I expect from an engine that it only provides me with highly optimized implementations of fundamentally important techniques that take a long time to write. And that I can choose to bypass or modify as I wish. Unity does not give me this. Instead, it gives me a truckload of half working garbage made from a bunch of libraries they licensed from elsewhere which they crudely stitched together to form one static unified blob. In comparison, the most friendly engine that I have used is XNA, simply because it does all the boring stuff for you, but gives you complete freedom in the area of graphical programming. Unity is making me think of ditching C# altogether, just so I can avoid it.

But one of the major issues, really, is vendor lock-in. Mostly any script written for Unity, can not be relevantly used in any game that does not run under Unity, thanks to the Unity specific interfaces that are necessary for scripts to interact with each other in Unity. On the other hand, code written in C++ for one project, with one engine, can easily be retransformed for use in another project without major changes, even when using a different engine, because a proper engine does not force me to use poor design patterns. And a game written in C/C++ using OpenGL and OpenAL runs potentially on everything, because I can make it to, while a game written in Unity will only run on the platforms that Unity decides to support. Unity will not run on Linux, because they said so.

It also does not allow me to experiment with new technologies or techniques. It is not practical to, for example, make use of OpenCL from within Unity, as we do not truly have direct access, which makes it impractical to share data between Unity rendering and OpenCL without needlessly copying data back and forth between the mainboard ram and the gpu ram.

Then there are countless bugs and design flaws, especially in the networking and sound interfaces of the Unity engine, that they have known about for a long time already, as can be proven by various posts on the Unity forums, which are easier to fix by writing an own engine, than by working around them.

In the end though, if I constantly have to hear, only from people who actually don't even make games with Unity themselves, how good Unity is, that "everything" will be fixed in "the next version", and that I should just use it, then something is clearly wrong. It's more viral marketing hype than useful technology.

It's potentially a nice level editor, though.

But the thing is, a lot of people do prefer to work with a commercial all-in-one solution, such as Flash, Unity, or whatever the next silver bullet is.

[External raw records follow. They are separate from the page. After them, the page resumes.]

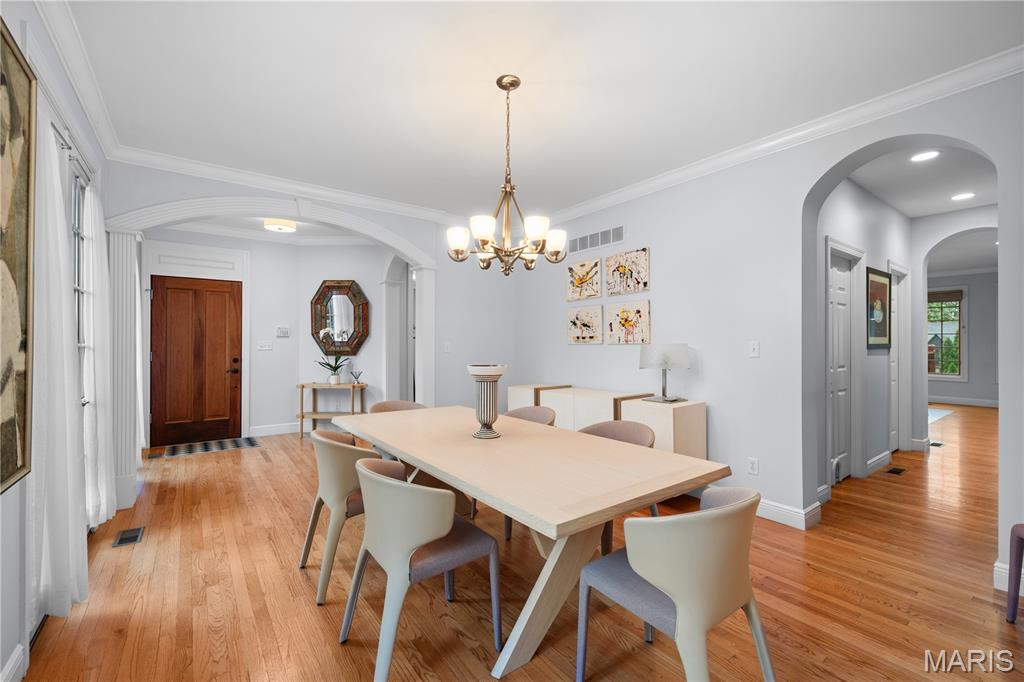 Central Suburbs - Residential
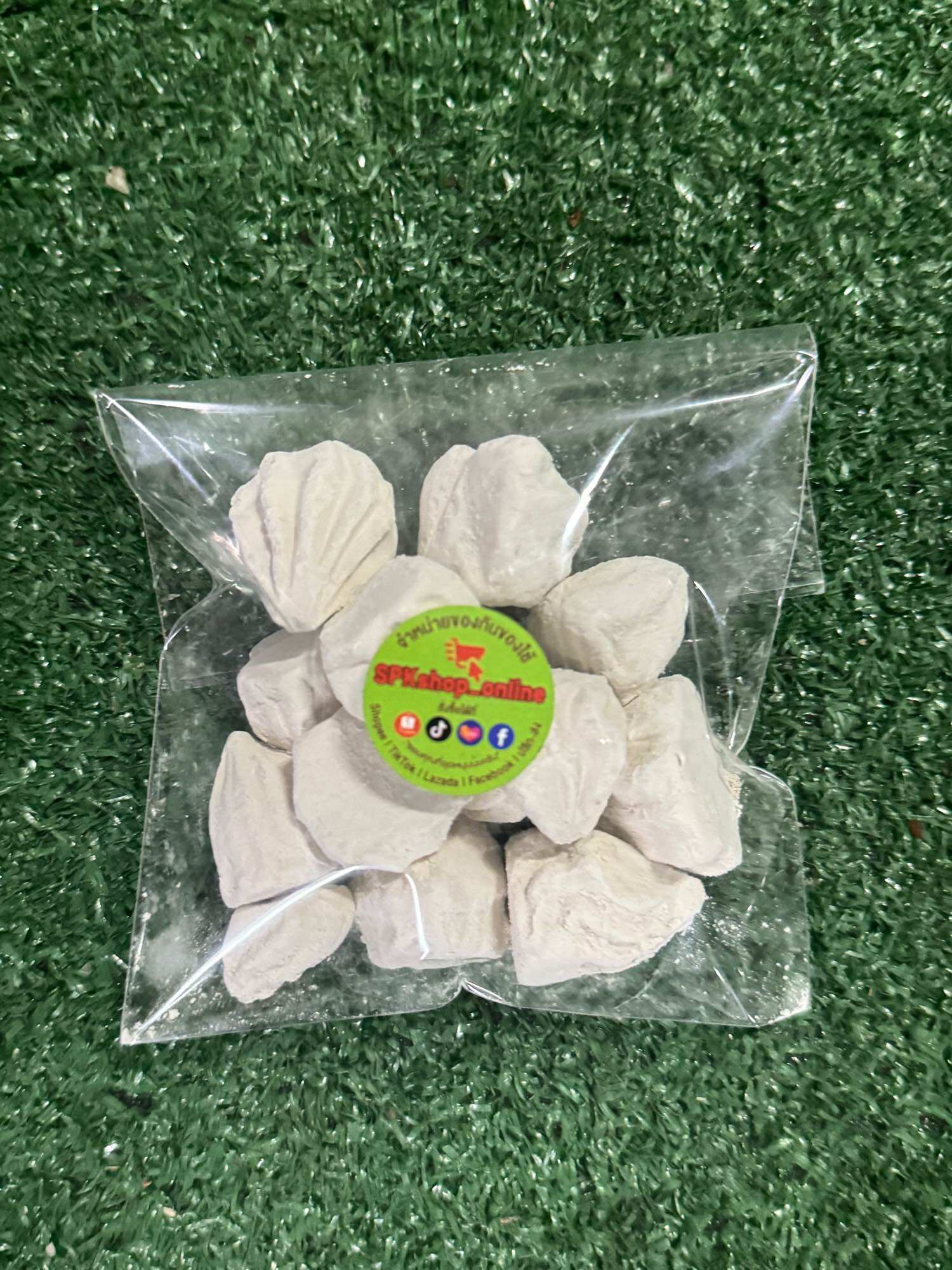 ดินสอพอง สงกรานต์ ขนาด 100 กรัม ราคา 5 บาท*ส่งฟรี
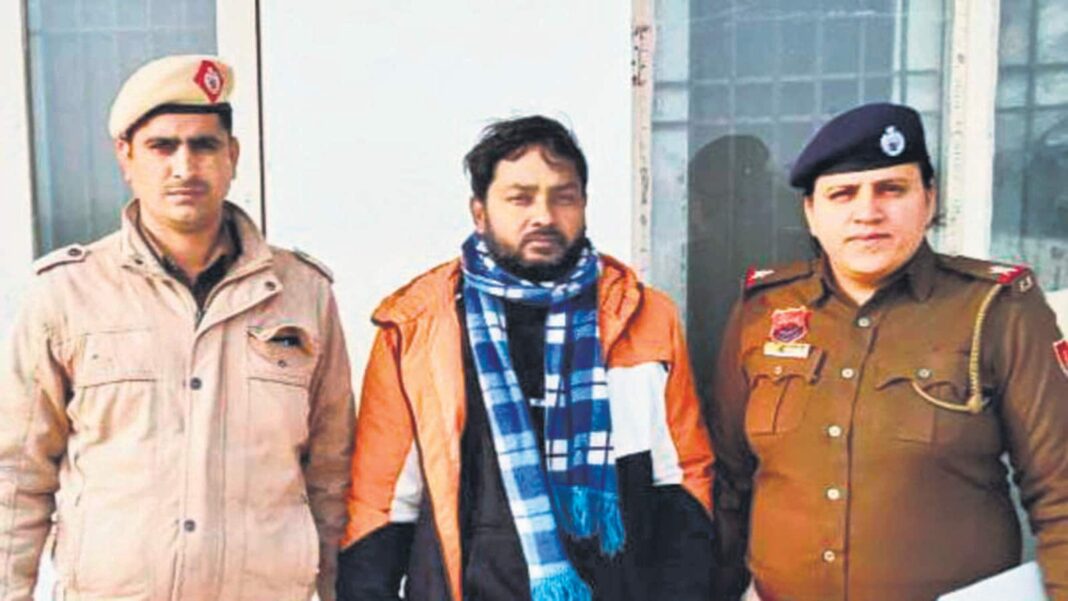 Doctor practising illegally in Gurugram busted during rape probe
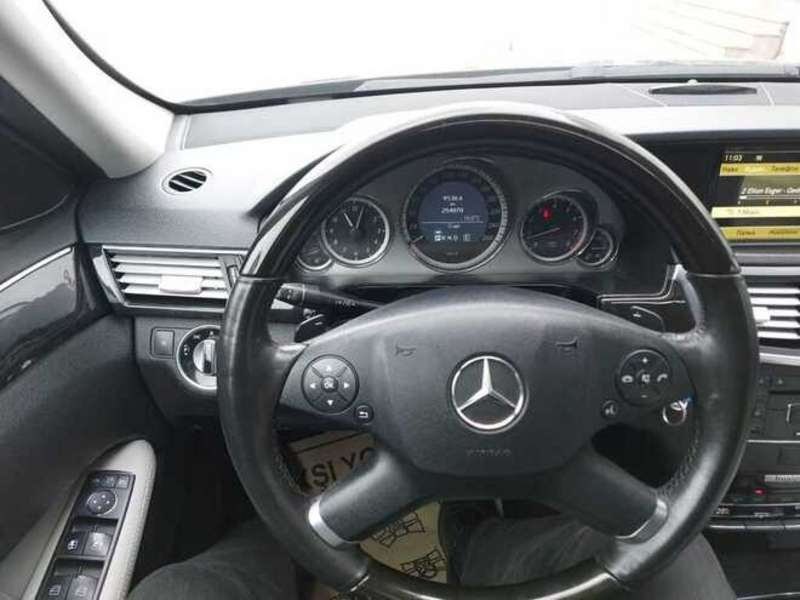 Mercedes E 250, 2010 il, 1.8 L, 250 000 km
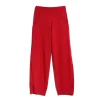 Women Barrie Iconic cashmere trousers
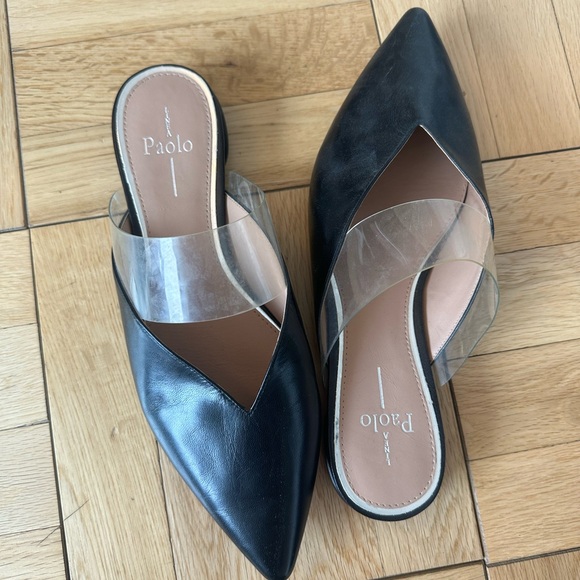 Paolo - pointed toe flats - Picture 1 of 3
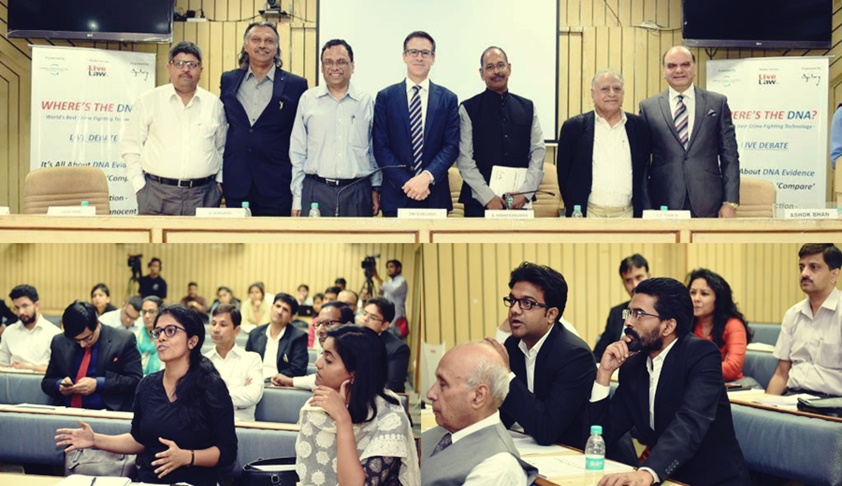 Gordon Thomas Honeywell Holds Live Debate ‘ #WheresTheDNA? ’ In Delhi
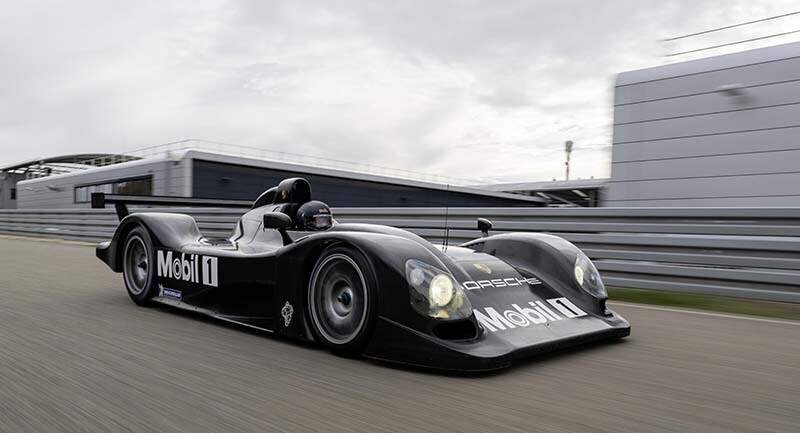 Porsche LMP_1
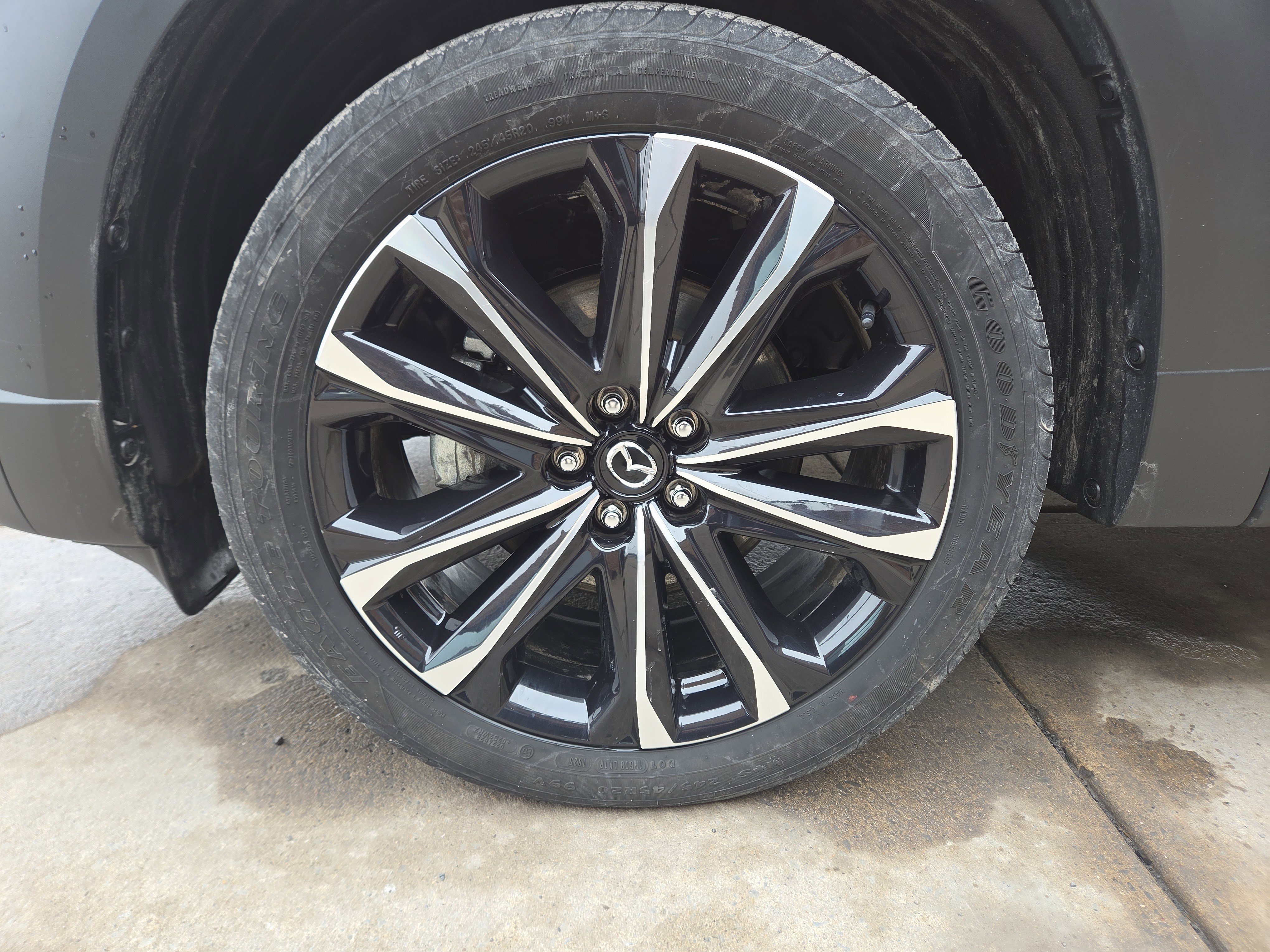 Certified 2025 MAZDA CX-50 AWD 2.5 S w/ Premium Plus Pkg image 11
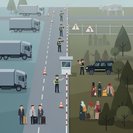 Polish Border Guard Reports Weekend Spike of 37 Crossing Attempts From Belarus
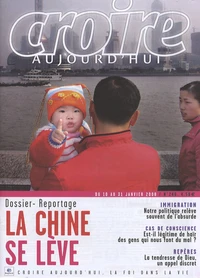 La Chine se lève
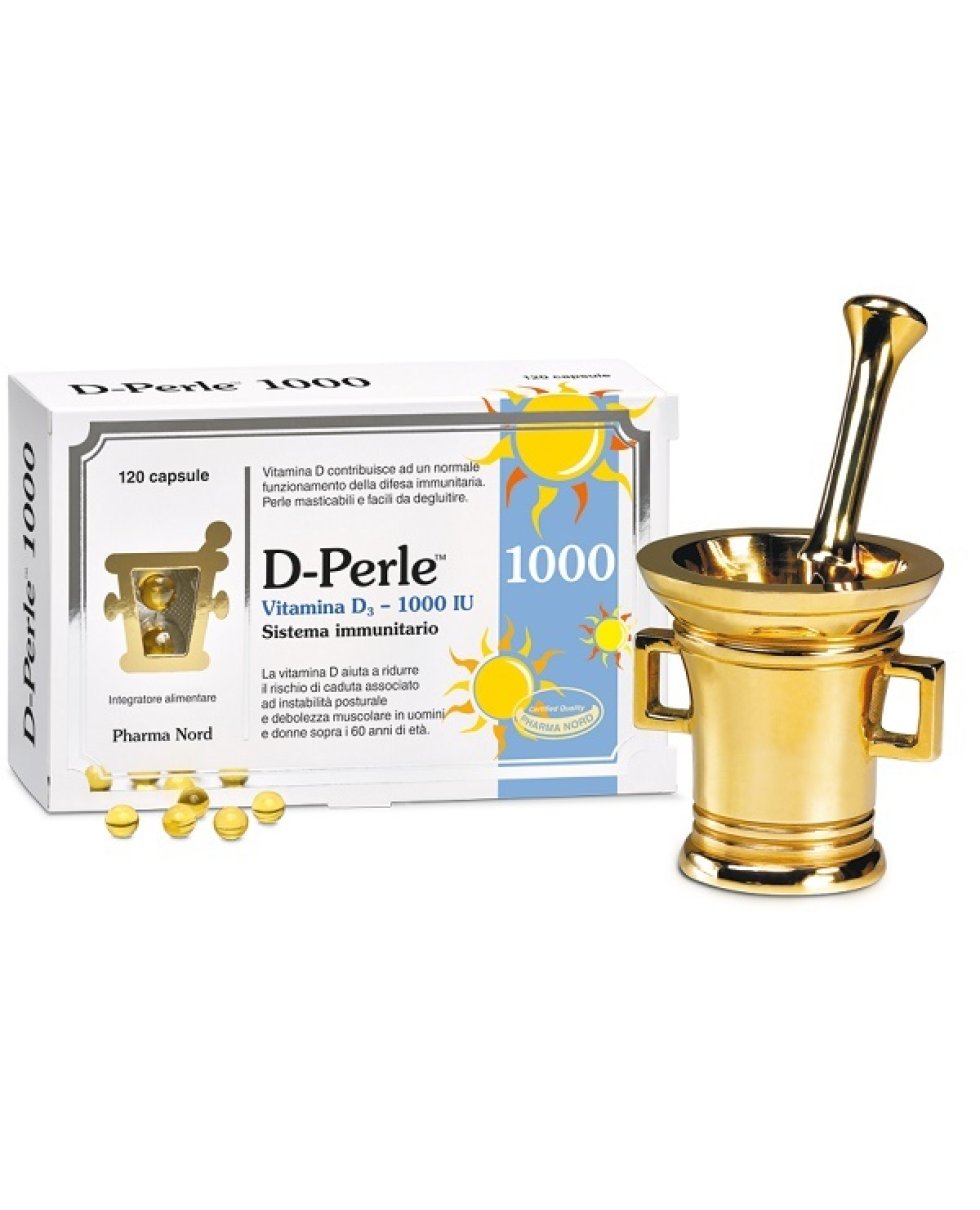 D-PERLE 1000 120PRL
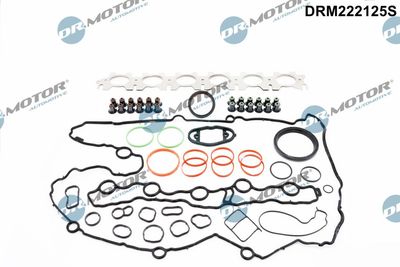 Gasket Kit, cylinder head Dr.Motor Automotive DRM222125S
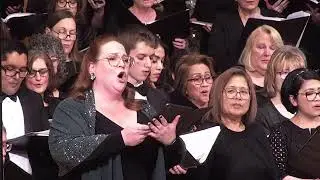Hinsdale SDA Church Hallelujah Concert 12-06-2025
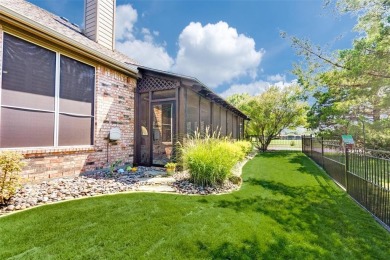Welcome to this beautifully maintained 2-bedroom, 3-bath home on Heritage Ranch Golf and Country Club in Texas - for sale on GolfHomes.com, golf home, golf lot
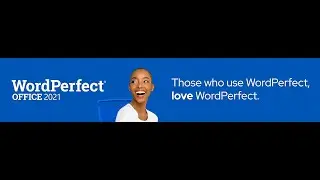 Corel WordPerfect Office Home & Student 2021 Office Suite of Word Processor, Spreadsheets & Presen..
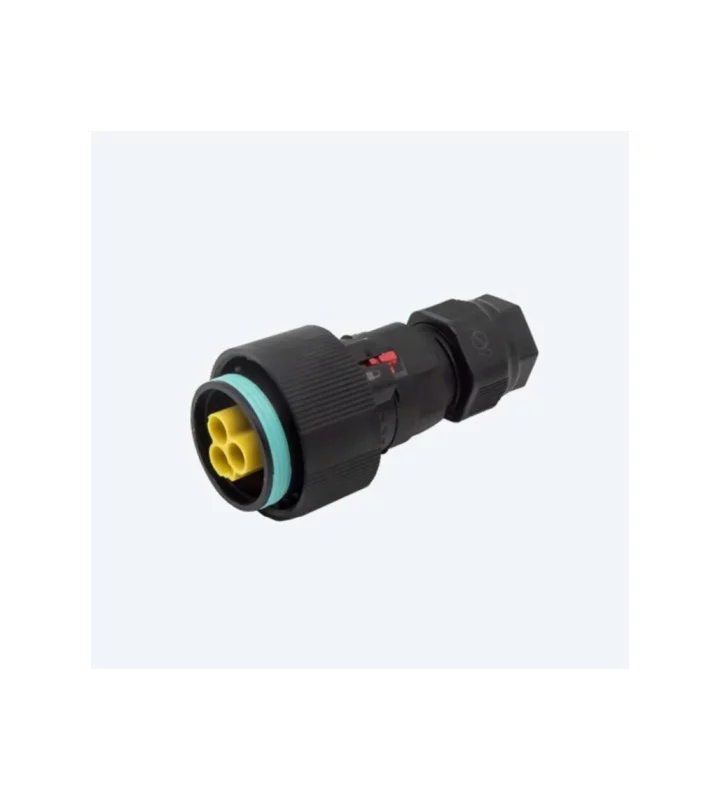 Plug connector, Screw
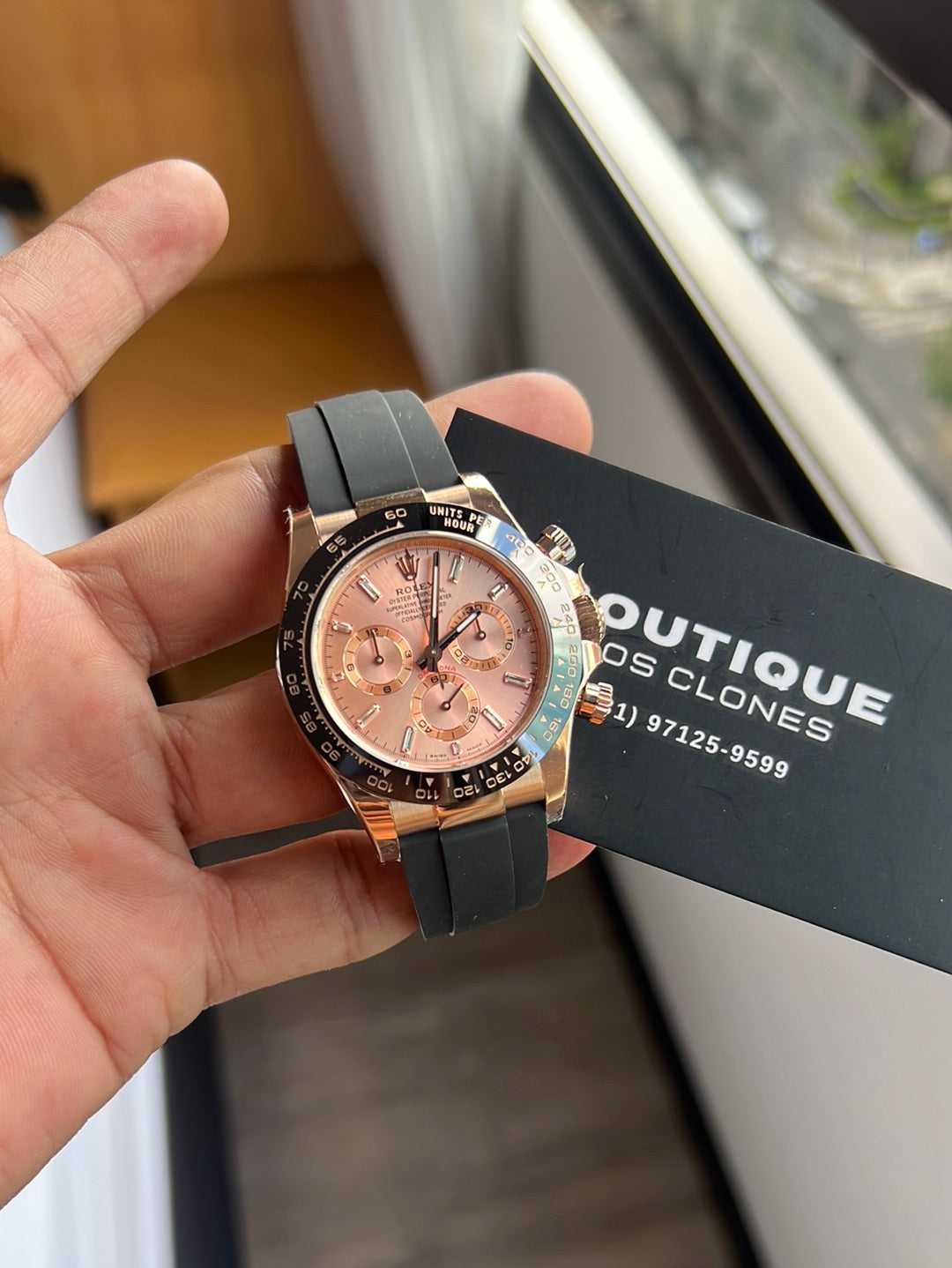 Rolex Daytona - NOOB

They just want to get their ideas out there, without having to bother with technical details, and they'll just hop on to the next bandwagon whenever it passes by. The upside of this is that they will keep following the current technological advances. The downside is that they'll be lagging behind the current technologies for as far as their engine of choice goes.

I'm not in favor of writing your own engine from scratch either. The thing that you need to be capable of doing, is to rush forward, ahead of the commonly known techniques, and extend what already exists. There is no use in rewriting again and again what we already have, it is more valuable to build upon that. To make a car analogy here; don't reinvent the wheel, make something that's not a wheel that can do it's function of transportation much better than a wheel, and mount it on an existing car.

So, in my opinion as a programmer, the best choice is to start out from a game engine which gives you full access to the source code, whether that be a commercially licensed or open source licensed engine does not matter. What matters is that you should have the ability to fix what is wrong, without wasting more time than necessary. And extend that with your own unique ideas and experiments.